1

the parquet spec about logical types and Timestamp specifically, seems to say https://github.com/Parquet/parquet-format/blob/master/LogicalTypes.md "TIMESTAMP_MILLIS is used for a combined logical date and time type. It must annotate an int64 that stores the number of milliseconds from the Unix epoch, 00:00:00.000 on 1 January 1970, UTC.

"

i.e. here it says that the type is only precise to the point of miliseconds and it starts from 1970.

but if u look at the hive-parquet code in https://github.com/apache/hive/blob/branch-0.14/ql/src/java/org/apache/hadoop/hive/ql/io/parquet/convert/ETypeConverter.java#L142 https://github.com/apache/hive/blob/branch-0.14/ql/src/java/org/apache/hadoop/hive/ql/io/parquet/timestamp/NanoTime.java#L54 it seems that hive's encoding of timestamp on parquet is of a different spec, precise to the point of nano seconds, and starting from "Monday, January 1, 4713 " (defined in jodd.datetime.JDateTime)

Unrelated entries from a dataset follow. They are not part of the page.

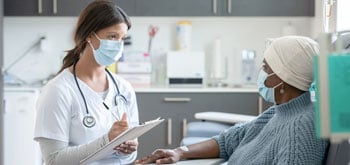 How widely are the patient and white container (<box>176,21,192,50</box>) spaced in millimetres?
2399

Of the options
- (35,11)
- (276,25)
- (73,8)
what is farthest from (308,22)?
(35,11)

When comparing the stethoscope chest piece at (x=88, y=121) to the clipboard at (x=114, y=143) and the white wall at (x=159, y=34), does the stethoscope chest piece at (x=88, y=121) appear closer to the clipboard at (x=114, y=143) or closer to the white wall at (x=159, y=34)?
the clipboard at (x=114, y=143)

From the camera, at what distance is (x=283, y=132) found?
1.69 meters

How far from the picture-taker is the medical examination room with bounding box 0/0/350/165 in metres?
1.86

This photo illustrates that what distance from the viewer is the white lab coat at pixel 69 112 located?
193cm

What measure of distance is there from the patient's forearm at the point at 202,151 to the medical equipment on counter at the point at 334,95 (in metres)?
1.23

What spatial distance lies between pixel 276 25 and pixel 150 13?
1.18m

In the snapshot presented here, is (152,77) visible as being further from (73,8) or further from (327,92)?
(327,92)

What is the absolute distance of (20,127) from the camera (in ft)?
13.2

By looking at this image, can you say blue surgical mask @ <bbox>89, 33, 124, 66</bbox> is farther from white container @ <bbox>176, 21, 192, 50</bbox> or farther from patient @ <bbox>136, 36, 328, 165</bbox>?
white container @ <bbox>176, 21, 192, 50</bbox>

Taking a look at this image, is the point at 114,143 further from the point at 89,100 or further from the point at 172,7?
the point at 172,7

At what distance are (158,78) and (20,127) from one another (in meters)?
1.27

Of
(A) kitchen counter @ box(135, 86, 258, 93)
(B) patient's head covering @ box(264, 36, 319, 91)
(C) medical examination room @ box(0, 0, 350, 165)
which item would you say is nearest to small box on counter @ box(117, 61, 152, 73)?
(C) medical examination room @ box(0, 0, 350, 165)

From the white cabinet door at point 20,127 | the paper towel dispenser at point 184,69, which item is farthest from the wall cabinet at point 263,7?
the white cabinet door at point 20,127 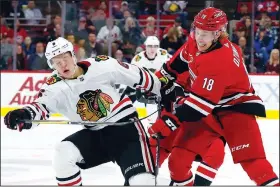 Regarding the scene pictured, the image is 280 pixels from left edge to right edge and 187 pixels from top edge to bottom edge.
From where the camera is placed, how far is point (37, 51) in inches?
307

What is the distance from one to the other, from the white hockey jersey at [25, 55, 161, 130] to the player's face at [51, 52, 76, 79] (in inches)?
2.4

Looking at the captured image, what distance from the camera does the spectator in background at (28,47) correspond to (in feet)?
25.7

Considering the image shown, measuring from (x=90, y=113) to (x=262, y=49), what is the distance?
478cm

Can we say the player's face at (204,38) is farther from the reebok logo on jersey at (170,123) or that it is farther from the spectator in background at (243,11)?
the spectator in background at (243,11)

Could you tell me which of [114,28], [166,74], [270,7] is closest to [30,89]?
[114,28]

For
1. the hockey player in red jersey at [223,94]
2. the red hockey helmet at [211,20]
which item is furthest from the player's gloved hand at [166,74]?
the red hockey helmet at [211,20]

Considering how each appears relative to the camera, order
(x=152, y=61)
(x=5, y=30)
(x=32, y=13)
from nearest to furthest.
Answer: (x=152, y=61) < (x=5, y=30) < (x=32, y=13)

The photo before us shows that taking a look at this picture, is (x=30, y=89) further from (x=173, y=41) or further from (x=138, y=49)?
(x=173, y=41)

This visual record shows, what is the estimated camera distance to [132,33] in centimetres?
786

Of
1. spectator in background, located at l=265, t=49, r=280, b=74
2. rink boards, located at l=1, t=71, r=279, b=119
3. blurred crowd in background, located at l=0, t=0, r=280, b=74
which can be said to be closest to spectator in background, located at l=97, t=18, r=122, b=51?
blurred crowd in background, located at l=0, t=0, r=280, b=74

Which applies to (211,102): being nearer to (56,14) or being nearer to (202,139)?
(202,139)

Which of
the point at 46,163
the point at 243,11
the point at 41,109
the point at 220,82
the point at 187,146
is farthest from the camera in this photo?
the point at 243,11

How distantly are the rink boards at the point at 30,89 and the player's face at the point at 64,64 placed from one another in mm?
4066

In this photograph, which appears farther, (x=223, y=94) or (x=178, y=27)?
(x=178, y=27) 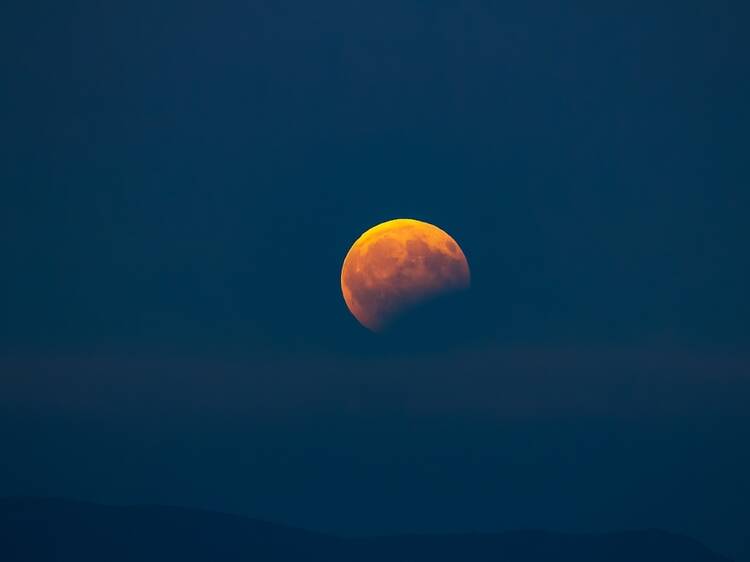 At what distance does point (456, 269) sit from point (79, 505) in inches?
913

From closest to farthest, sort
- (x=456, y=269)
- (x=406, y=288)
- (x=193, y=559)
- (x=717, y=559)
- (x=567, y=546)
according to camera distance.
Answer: (x=406, y=288) < (x=456, y=269) < (x=717, y=559) < (x=567, y=546) < (x=193, y=559)

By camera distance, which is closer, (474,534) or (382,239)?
(382,239)

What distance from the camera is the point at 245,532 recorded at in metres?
42.0

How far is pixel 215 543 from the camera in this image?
42656mm

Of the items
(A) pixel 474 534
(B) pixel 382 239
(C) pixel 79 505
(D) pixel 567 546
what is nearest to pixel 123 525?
(C) pixel 79 505

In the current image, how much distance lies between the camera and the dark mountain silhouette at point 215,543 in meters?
41.4

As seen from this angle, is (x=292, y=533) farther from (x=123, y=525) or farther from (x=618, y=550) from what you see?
(x=618, y=550)

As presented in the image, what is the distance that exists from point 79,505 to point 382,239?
75.2ft

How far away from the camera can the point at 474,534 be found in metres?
42.2

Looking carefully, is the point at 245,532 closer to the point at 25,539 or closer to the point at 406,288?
the point at 25,539

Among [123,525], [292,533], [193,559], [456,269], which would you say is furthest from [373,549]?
[456,269]

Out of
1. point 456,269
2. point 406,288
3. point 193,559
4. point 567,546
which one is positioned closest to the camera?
point 406,288

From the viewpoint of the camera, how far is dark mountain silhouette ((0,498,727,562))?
41.4 meters

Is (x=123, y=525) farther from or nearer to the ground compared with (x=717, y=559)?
farther from the ground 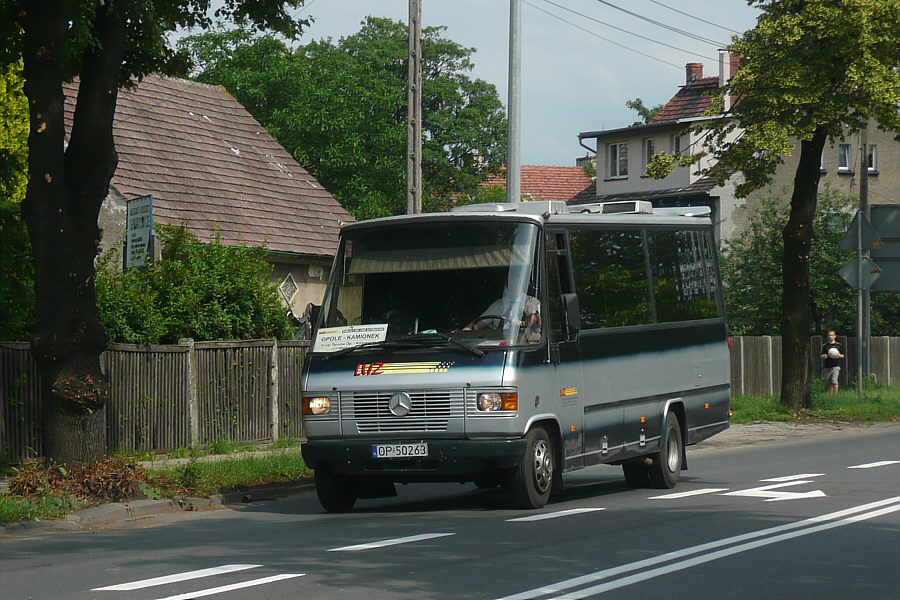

so Hive's parquet timestamp storage is completely different from the above spec ?

what about Date support? https://issues.apache.org/jira/browse/HIVE-8119 are we going to have a different on-disk binary encoding than the "int32" specified in the above doc?

thanks

teddy teddy
  • 3,025
  • 6
  • 31
  • 48

1 Answers1

1

Based on a discussion that used to be linked here but has been removed since, it seems that when support for saving timestamps in Parquet was added to Hive, the primary goal was to be compatible with Impala's implementation, which probably predates the addition of the timestamp_millis type to the Parquet specification.

Impala's timestamp representation maps to the int96 Parquet type (4 bytes for the date, 8 bytes for the time, details here).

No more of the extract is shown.